Sequencing entire microbial genomes allowed the team to distinguish between organisms that are genetically similar, but functionally very unique, writes University of Melbourne, Australia, researcher Carra Simpson in an email. “Compared to the commonly employed marker gene sequencing approaches, [the authors] have greater resolution to distinguish these species and within a comparatively large sample size.” This helps to “elucidate the functional implications of bacterial alterations on the host.”
To determine the effect of these changes, Hu and the group analyzed the so-called “functional readout”—the molecules the microorganisms produce—of the entire gut microbiome using gas chromatography-mass spectrometry (GC-MS). It turns out that MDD patients harbored significantly more of 16 metabolites and less of 34 compounds than did healthy controls; most of these molecules were involved in amino acid metabolism. The three most important pathways were related to gamma-aminobutyric acid (GABA) metabolism, phenylalanine metabolism, and tryptophan metabolism.

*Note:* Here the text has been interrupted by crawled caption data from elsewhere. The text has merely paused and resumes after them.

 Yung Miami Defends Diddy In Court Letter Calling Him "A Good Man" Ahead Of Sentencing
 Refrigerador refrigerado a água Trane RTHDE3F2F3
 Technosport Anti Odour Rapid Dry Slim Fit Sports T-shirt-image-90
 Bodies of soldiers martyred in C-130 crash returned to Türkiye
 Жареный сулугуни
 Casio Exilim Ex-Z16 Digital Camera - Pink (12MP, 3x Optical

Hu’s team then created a biomarker panel consisting of two species of bacteria, two types of bacteriophage viruses, and two different metabolites. In a separate group of 75 subjects (half with MDD, half healthy controls), the biomarker panel was able to accurately pick out those with depression around 90 percent of the time.

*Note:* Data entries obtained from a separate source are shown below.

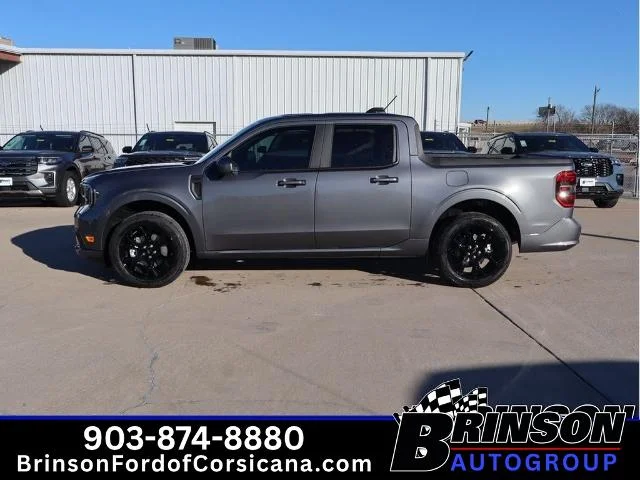 New 2026 Carbonized Gray Metallic Ford Lobo™ image 19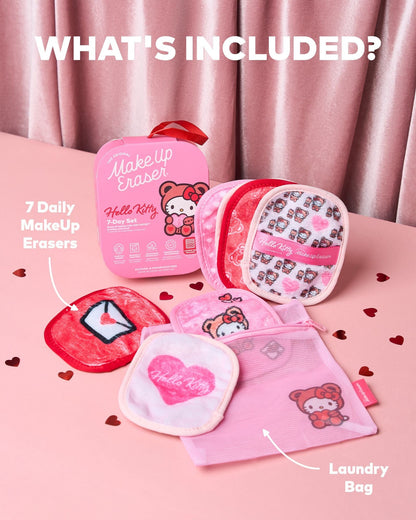 Hello Kitty 7-Day Sets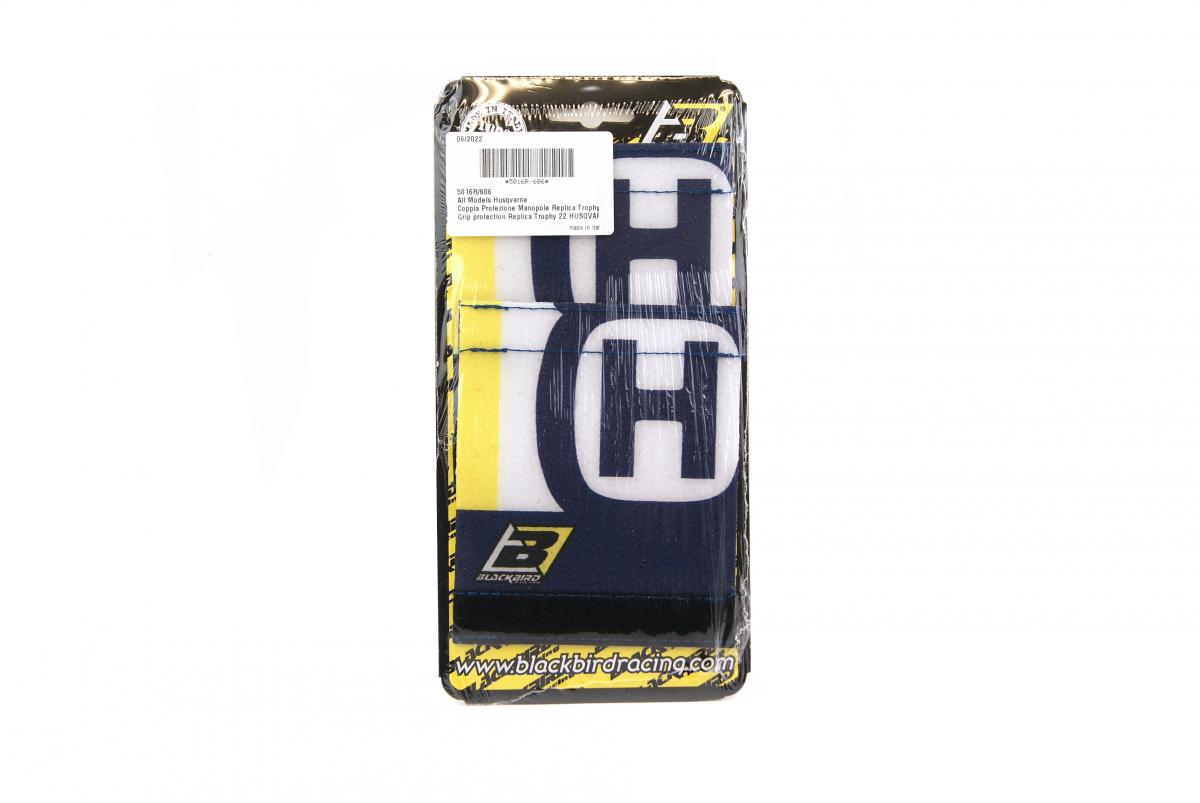GRIP PROTECTOR HUSQVARNA, BLACKBRID 5016R/606, CLEAN GRIP PROTECTION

Possible microbial effects on depression—and vice versa
The researchers point out that GABA is a neurotransmitter in the brain, but it’s also made by gut microbes; fecal levels of GABA and certain of its metabolites were decreased in the MDD patients, and the team also found that GABA-related microbial genes were altered in MDD patients, suggesting that microbes modulate GABA levels. Hu and his team hypothesize that this may dysregulate the function of GABA in the brain, and could lead to depressive symptoms.
In addition, the scientists hypothesize that perhaps the increase in Bacteroides bacteria, which induce cytokine production, could increase inflammation, a condition that has been linked to MDD. Also, decreased Blautia, which has been shown to have anti-inflammatory effects, could contribute to MDD. Other studies have also found that when researchers transplant the entire microbiota of a person with MDD into a germ-free rat, the rat starts to behave depressed.
These are speculative assertions, and Hu says this one cross-sectional study can’t determine causality, and rather, “I think it’s a bi-directional axis. The depressed symptoms can influence our diet behavior, so it can influence our gut characteristics and composition, and also on the other side, our bacteria can produce some special metabolites and have a special pathway that can influence our brain function.”
“This sets the scene for a lot more work to validate whether any of these pathways are actually causally related to depression,” says Cryan, who receives research funding from Dupont Nutrition, Cremo SA, and Nutricia Danone. “There’s a whole emerging field in nutritional psychiatry right now. Can we target the microbiome through diet, could we alleviate some of the effects of depression?”
J. Yang et al., “Landscapes of bacterial and metabolic signatures and their interaction in major depressive disorders,” Science Advances, 6:eaba8555, 2020.